Before field day, stand up and walk through your opening with your folder in hand. The words should come out naturally before you knock your first door.
Door Approach
The door approach is not the full presentation. Your purpose is to identify yourself, explain the reason for you being there, and move to a seated location where the real conversation can begin.
“Hey maybe you can help me, I'm looking for [Name]. Okay good! Well Mr./Mrs. [Name], my name is [Agent Name] and I am the Benefits Coordinator that got assigned to go over this request you sent us in the mail. It takes us a few minutes, where would you like to sit?”
“Hey maybe you can help me, I'm looking for [Name]. Okay good! Well Mr./Mrs. [Name], my name is [Agent Name] and I am the Benefits Coordinator that got assigned to you, to go over your 2026 State Benefit Programs. It takes us a few minutes, where would you like to sit?”
How to run it
- Keep your voice calm, casual, and confident.
- Do not ask if they want to meet. Assume you are there to help and move toward sitting down.
- If they hesitate, shorten the explanation rather than adding more details.
- Once seated, slow down and begin the connection part of the appointment.
- Talking for two minutes at the door.
- Asking, “Is now a good time?” when you have not earned the conversation yet.
- Explaining products, prices, or insurance before sitting down.
- Standing too far away, looking unsure, or sounding like a solicitor.
You and the client are seated, or moving to a place where you can sit and start a conversation.
Practice the door approach 20 times out loud. Your goal is not speed, it is accuracy and confidence. Call your coach to make sure your door approach is airtight.
FORT
FORT helps the client get comfortable with you before you move into personal information. Your goal is to become a real person in the home, not to interrogate the client. People open up to someone they like and trust. Likability and trust doesn't just happen, it is created through being a decent human.
How long have you been here? Do you have family nearby? Do you get to see your children or grandchildren often?
Are you retired now? What kind of work did you do? How long did you do that?
What do you like to do for fun? Do you still get out much? What keeps you busy these days?
“Alright Mr./Mrs. [Last Name], well like I said at the door, I told you it would only take a few minutes to go over and I want to be respectful of your time. I also have a lot of people to talk to today, so I'm going to go ahead and jump on into it.”
How to run it
- Pick the questions that fit the client and the home. You do not need to force every category.
- Listen for something genuine to connect with. Follow the conversation when it is productive.
- Keep your posture relaxed. Do not stare at your paper while they answer.
- If the client is quiet, don't immediately skip connecting.

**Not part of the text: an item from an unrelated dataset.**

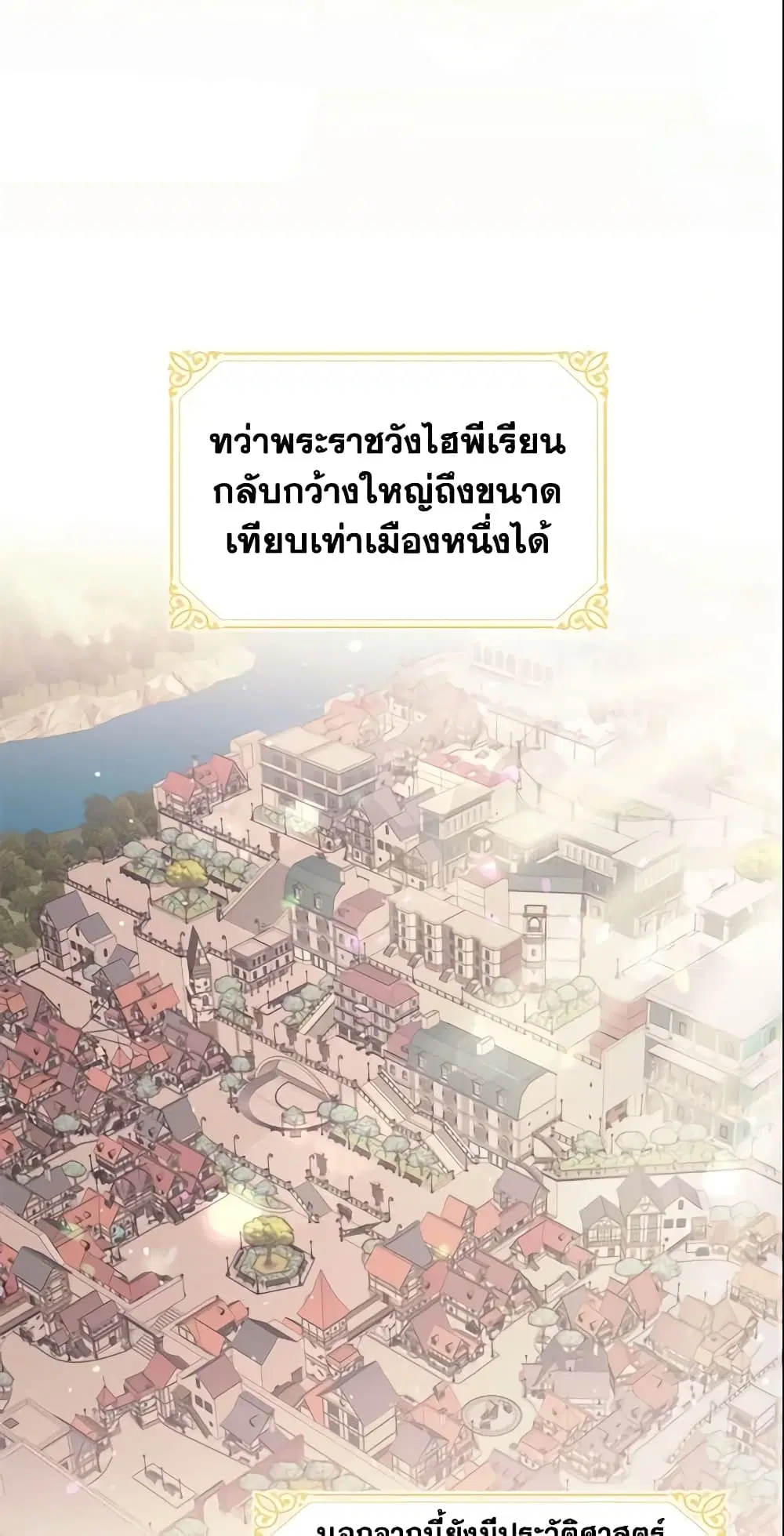 The Beloved Little Princess ตอนที่ 35 หน้า 8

Be perceptive and try to figure out what they like or what is important to them.
- If the client talks too long, use the transition to protect the appointment flow.
What to capture
- Family decision-makers who may matter later.
- Financial stress, health limitations, or recent life changes mentioned casually.
- Clues about trust level: open conversation, short answers, resistance, or distraction.
- Turning FORT into a checklist interview.
- Talking more than the client. You have two ears one mouth, keep that heavily in mind during FORT.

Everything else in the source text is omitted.